# (Discord) New Modern esque roleplay with themes of magic, technology, and more.



## Voldrak (Apr 18, 2018)

So, Me and my friends have been working on a setting for a roleplay, and we've finally finished. If you're interested in joining this, contact me on discord at river58#0922 or join the discord in my signature. If it's not interesting or somethings wrong, please let me know why . Here's the info:



Spoiler: Plot



Plot Synopsis:

A world where humans and other creatures (e.g. Anthro Animals) co-exist, in the year 2019. Basically modern life. Centered around the city of 'New Weston', a large, bustling city filled with people.:

One group starts in a car going over a plan for a robbery, Heading from the main location - a suburban area of the town New Weston - to the metropolitan area, where there is a government research facility with 'valuable materials', a lie told by 'The Insurgency' to get others to mess with the government. The heist members will go on the heist, other people will be living their normal lives in the town. The heist results in a catastrophe, an unfinished machine is activated and there is a surge in electricity. From then on, the world is changed. Electricity starts cutting out randomly, with no fix in sight, and some sort of wormhole is opened, and the essence of magic comes to the world. Two types of magic are introduced, normal magic which most people have, and personal magic, which is a rarity. Personal magic is basically certain magic that has effects specific to the user. What it can do is usually tied to their lives somehow. One person can not have the same 'type' of personal magic as another.
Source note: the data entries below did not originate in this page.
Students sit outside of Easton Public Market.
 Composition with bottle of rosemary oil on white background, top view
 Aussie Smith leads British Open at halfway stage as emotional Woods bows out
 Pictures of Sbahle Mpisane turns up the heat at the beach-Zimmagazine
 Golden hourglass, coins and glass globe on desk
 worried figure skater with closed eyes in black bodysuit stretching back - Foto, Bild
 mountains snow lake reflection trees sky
People start to find out they have magic and start using it, it is underdeveloped though. (Except for those certain people with Personal Magic, which the wielders learn faster.) Factions form (described in #factions), people work with each other but against each other. One person with Personal Magic is someone from the heist, who has a very powerful form. They find this out, and join 'The Awoken'. Betraying their friends and the heist members, who are mostly part of 'The Just', who are working together to fight The Awoken. Main Idea is to follow the ideals of the faction you choose, and work towards these goals using whatever skills you have.

You can use different magic, but you cant use much in the beginning, it'll get stronger as time goes on. BUT, there are limits. If it's too complex, it will take a toll. Same thing with if it's a super strong thing, you'll probably not be able to do it, and instead, pass out or die.





Spoiler: Factions



The Insurgency - Try to fuck with the government, work with whoever else they choose. Caused the catastrophe by lying to the people who planned the heist.
The Awoken -  A cult. Trying to take control of the world with their magic. Against all, with exceptions. Mostly consists of personal magic users.
Government - Trying to cover up the mess, clean everything up. Blamed for the catastrophe. Against The Insurgency and The Awoken.
Citizens - People just trying to get through to see another day, help others, neutral.
The Just - Group against The Awoken, working to fight them and help others. 
Freeform - Not part of any group, helps who they want when they want.


----------



## metafang (Apr 18, 2018)

ooooo


----------